Beginner's Guide to Cyber: Certifications and Standing Out in Job Searches
I was listening to a Job Fair for IT and Cyber professionals yesterday (remember, the best time to find a job is when you have one) and a comment from a panelist caught my ear. A participant asked what the best way to stand out in the Cyber industry is and the panelist (a developer) started prattling off certifications like C|EH, CISSP, and some advanced cloud certifications. This irked me for two reasons:
A. The audience has almost no experience in Cybersecurity, mainly being transitioning service members.
B. These certifications are too advanced and too expensive for beginners to attempt just because.
So, I figured I would do my best to give my two cents as to what people should try to do to stand out when trying to get jobs. If you haven't seen my flowchart for getting into cybersecurity, look here, but this will be similar to that.
Education:
Most jobs will require a Bachelor's. I HIGHLY recommend getting one.

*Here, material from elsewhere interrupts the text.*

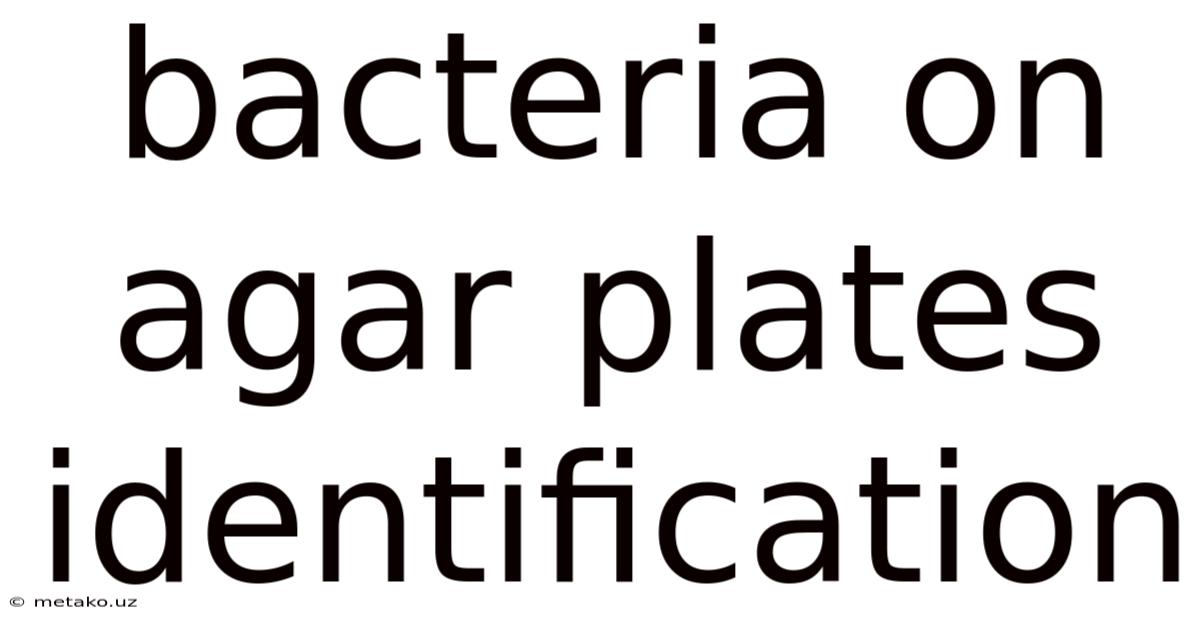Bacteria On Agar Plates Identification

There are ways to cut the costs of education and it will likely be a requirement for many of the jobs you will apply for.
Certifications:
Certifications are a great way to show knowledge in a certain aspect of security. Paul Jerimy has a great list of certifications for different subcategories of security and who their target audience is. For me, I would recommend certifications like BTL1, Security+, and Network+. These will give you a foundation of knowledge in security and networking as well as have some industry recognition without being outlandishly expensive.
Projects:
Having projects on your resume is a great way to show what you have been working on. If you dabble in TryHackMe or HackTheBox in your spare time, this is a great place to put it. List your current virtual machine setup and what you practice on. (Guide on setting up a cyber range coming soon) This tells recruiters that you do in fact care about security and are interested in learning more instead of just being a warm body to fill a chair for a solid paycheck. (We call this the "Give a shit factor")
Industry Involvement
Adding on to the "warm body" comment, being intertwined with the industry is a great way to help boost your recognition and help with your networking. List any groups you are a part of and your position (volunteer, attendee for events, etc). This helps tell recruiters that you invest time in learning more from others and probably aren't too shabby at representing the company at industry events. You can even add competitive events you have participated in like competitions. Some good ones would be your local DefCon chapter, any B-Sides attendance, or if you have a solid ranking in your local King of the Hill.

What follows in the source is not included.